The functional foods market has seen a rapid increase in sales in the last few years with supermarkets across the country having to expand their health/functional food aisles to meet consumer demand. With an increase in an ageing population and more health-conscious consumers the main reasons for the rise.

While kombucha and protein have had their time in the spotlight companies are now having to think outside the box and experiment with new alternatives. Collagen has recently been spotted popping up on supermarket shelves. While the skin restoring protein has been popular in Japan and China for some time, it is only in recent years that it has been made readily available to Western consumers. Bulletproof coffee recently launched a range of Collagen-infused coffee products and Protein Water Co released a Skin Maintenance range of flavoured waters that harnessed the power of Collagen and hyaluronic acid.

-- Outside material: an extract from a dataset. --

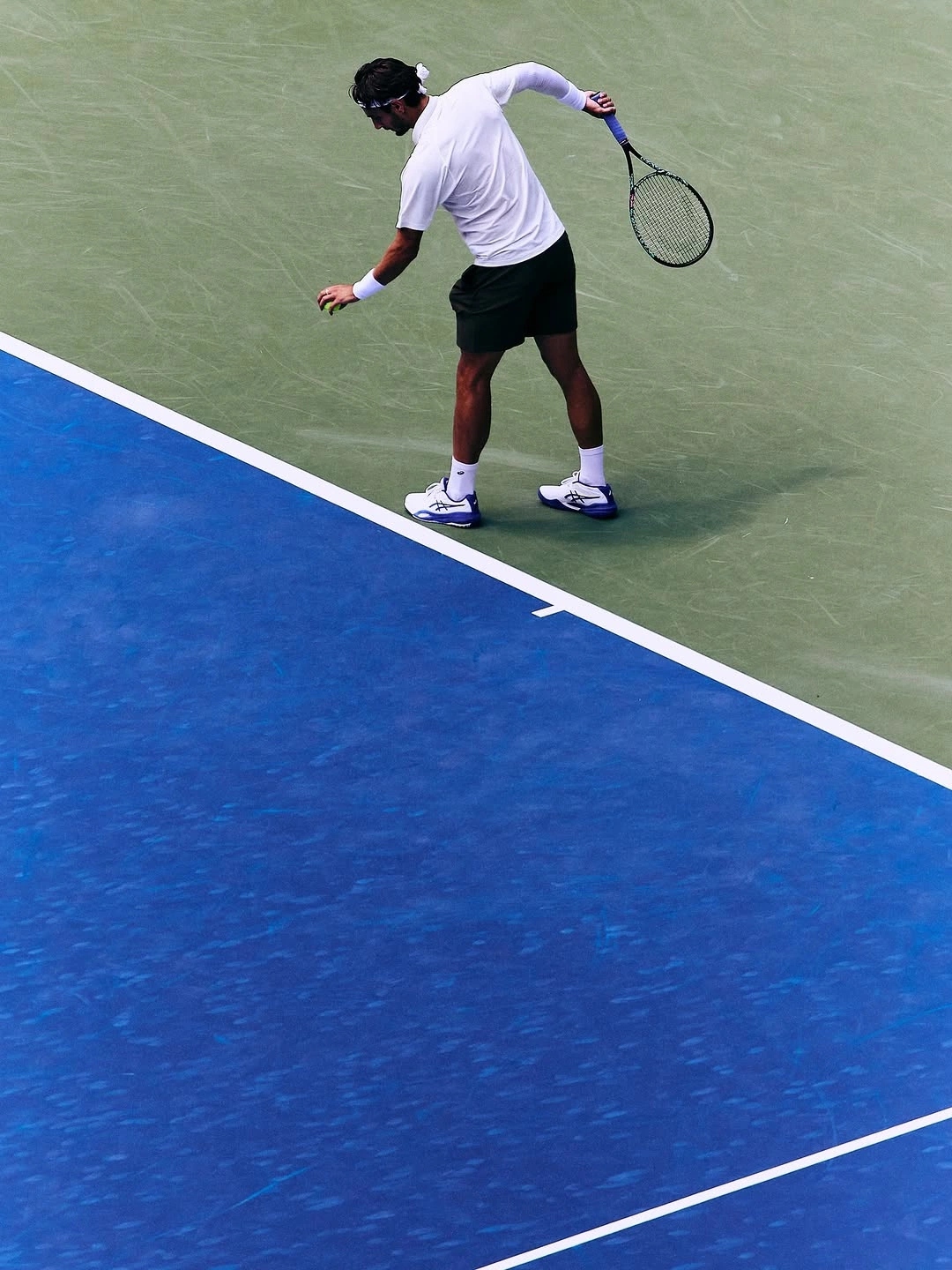 A tennis player moving across the court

Consumers aren’t just happy with eating plan boring healthy food they want to have their cake and eat it too. Consider ice cream, not only are consumers seeking more dairy-free options they also want it to be low in sugar and high in protein. The baking industry has also seen a rise in the number of enhanced functional items such as protein cookies. Taking out an ingredient is also no longer enough. Gluten-free wraps which were once niche and are now seen everywhere, need the benefit of added protein or a vegetable such as beetroot.

A recently announced change to New Zealand’s Industrial Hemp Industry is set to be implemented this month with the government announcing that the sale and consumption of hemp seed products would be legal as of the 12 November. While consumption and sale will become legal, the product will still have strict labelling restrictions such as; featuring the word ‘cannabis’ or displaying the cannabis leaf on the packaging.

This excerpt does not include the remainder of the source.